If you’ve ever worked on a project that involves building a completely integrated system, or indeed a specific product involving the marriage of hardware and software, then the chances are you’ve come across reliability engineering and the long-established bathtub curve. If you aren’t familiar with the bathtub curve then this blog post gives a description of it in a ‘real world’ kind of way.
What’s tweaked the Badger’s interest in reliability? Simple. Anger with a brand of smartphone. Just over 2 years ago the Badger purchased a new smartphone. Just before its warranty expired it gave up the ghost and wouldn’t charge. It was checked out under warranty and, as is often the norm these days, a brand new ‘n.1’ version of the device arrived as its replacement. This one, now slightly out of warranty, has recently decided that everyone the Badger calls, and everyone who calls the Badger, is a whisperer with a barely audible voice. Its grossly inconvenient, and there doesn’t seem to be a fix other than to return it to the factory who will probably just send out a new handset, again.
What irks is that there has been two fundamental problems with this brand’s device in just over two years – rather intolerable for a product that cost a significant sum. At first the Badger thought he’d just been unlucky, until he came across a graph from a survey undertaken across smartphone brands by Which? It shows that, on average, only 56% of smartphones are fault free after 3 years and only 14% are fault free after 5 years. The Badger wondered if smartphone designers and manufacturers pay enough attention to reliability when engineering their products. Of course, they will say they do, but is it really enough? If consumers pay hundreds of pounds, if not more, for a smartphone then isn’t it right for them to expect the average percentage fault free after 3 years to be higher than 56%?

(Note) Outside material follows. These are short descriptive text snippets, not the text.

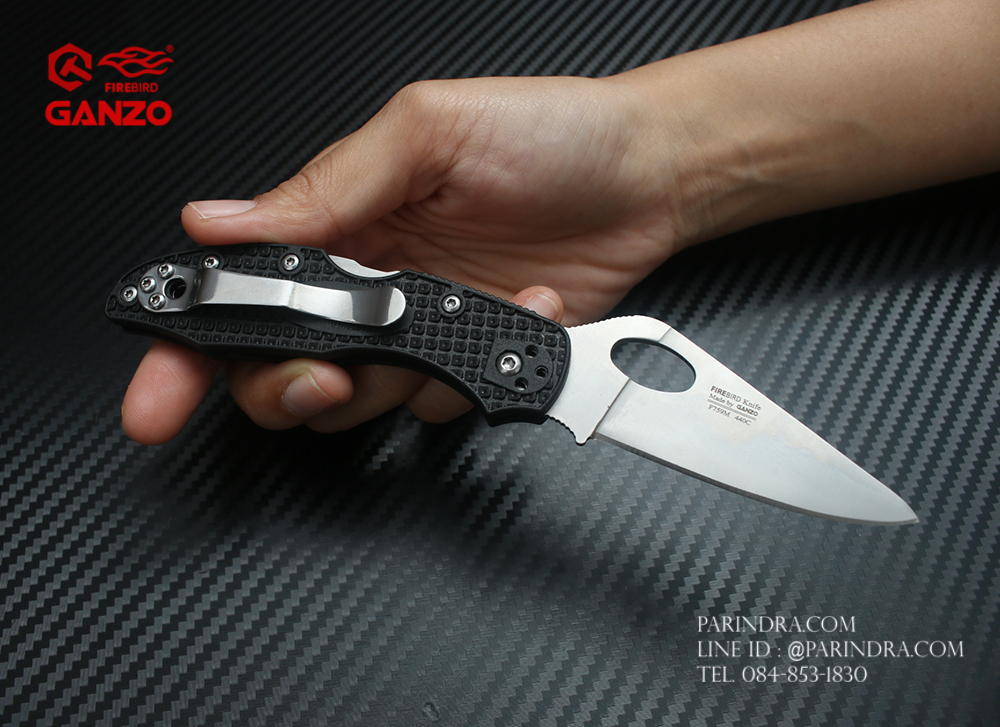 มีดพับ Ganzo กานโซ่ รุ่น F759M-BK สีดำของแท้ 100%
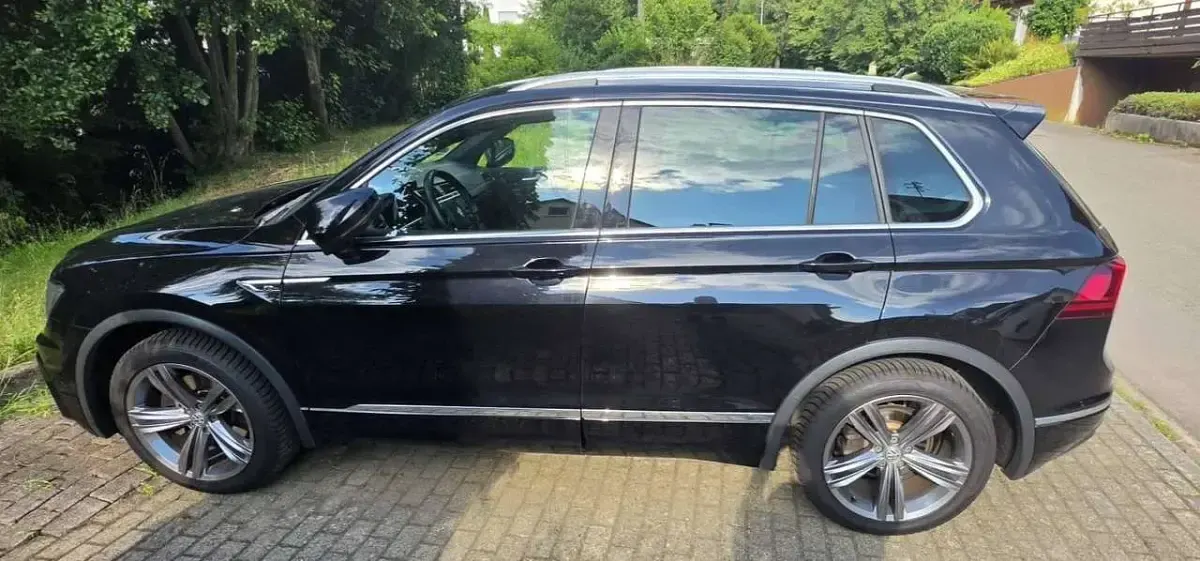 Gebraucht VW Tiguan R-line 220 PS (161 kW) 2017 Schwarz SUV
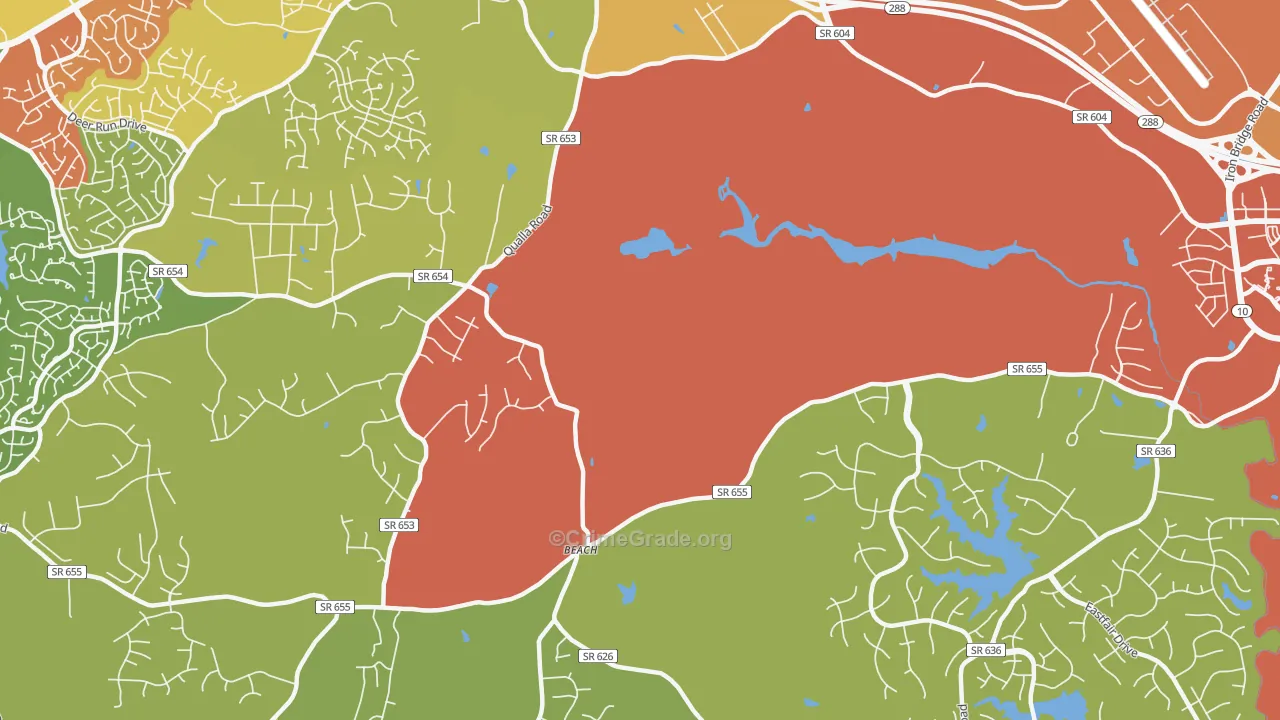 Winterpock, VA Map of Assault Rates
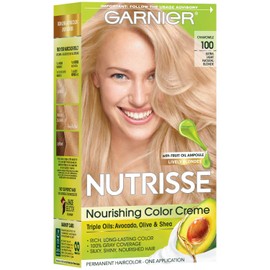Garnier Nutrisse Nourishing Color Creme, Extra-Light Natural Blonde [100] 1 ea (Pack of 3)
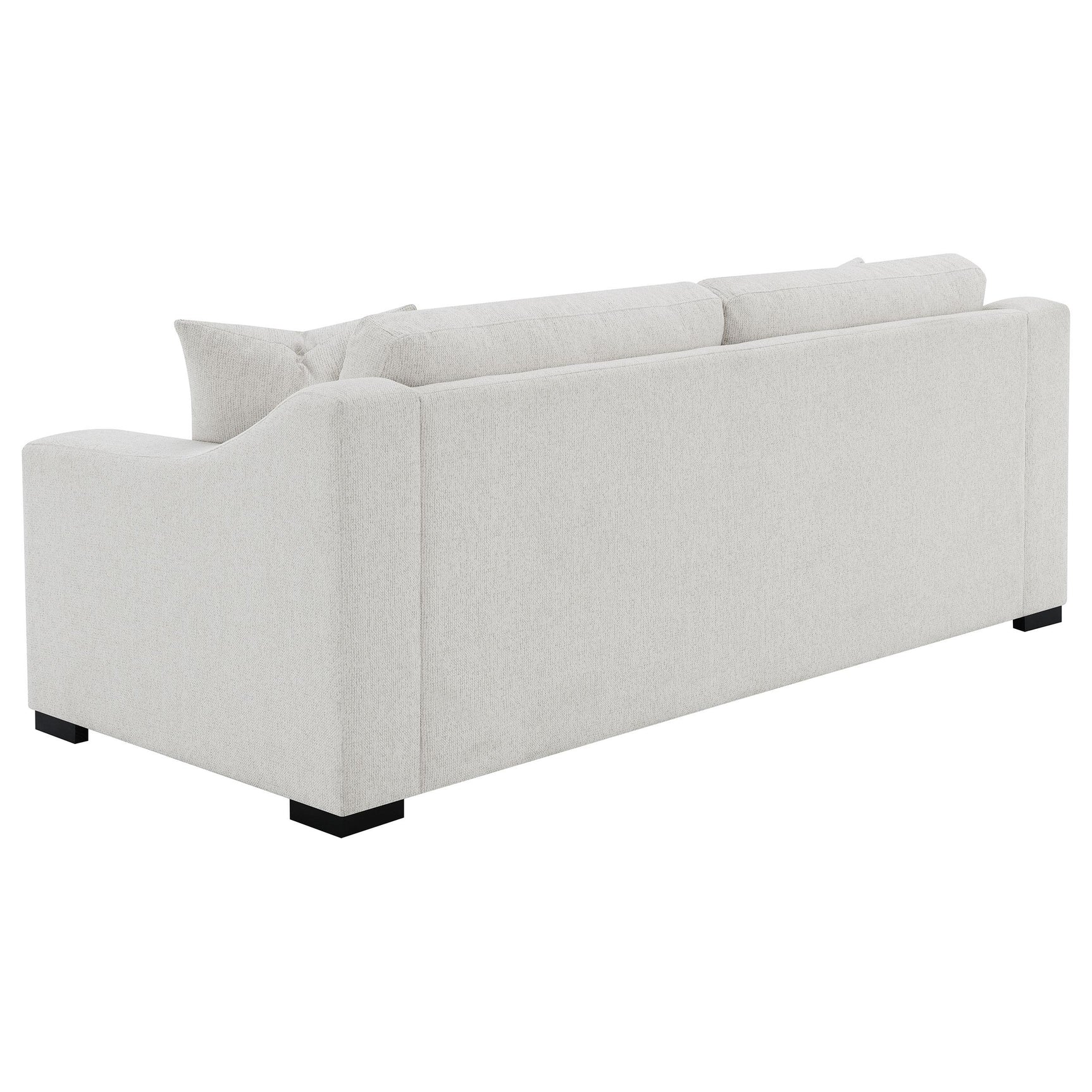 Side perspective of Ashlyn Sand Fabric Sofa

The Badger is fully aware that a) obsolescence is likely to kick in before a smartphone really reaches the ‘wears out’ part of the bathtub, b) that with continuous hardware and software innovation in the smartphone market means fast obsolescence is just a fact, and c) that failure rates in most brands have reduced over the years. But the 2020 statistics for the global scale, use and importance of these ‘small computers that provide everything in your pocket’ must surely mean the devices need the reliability levels of ‘critical infrastructure’. An average of 56% having faults after 3 years suggests that’s a long way off and the bathtub curve currently feels like it’s a completely horizontal line high up the Y axis from the outset!
There’s one final thing. The Badger will not be buying another smartphone from the brand that triggered the anger above. Customer loyalty has to be earned, and that means the product has to be fundamentally reliable.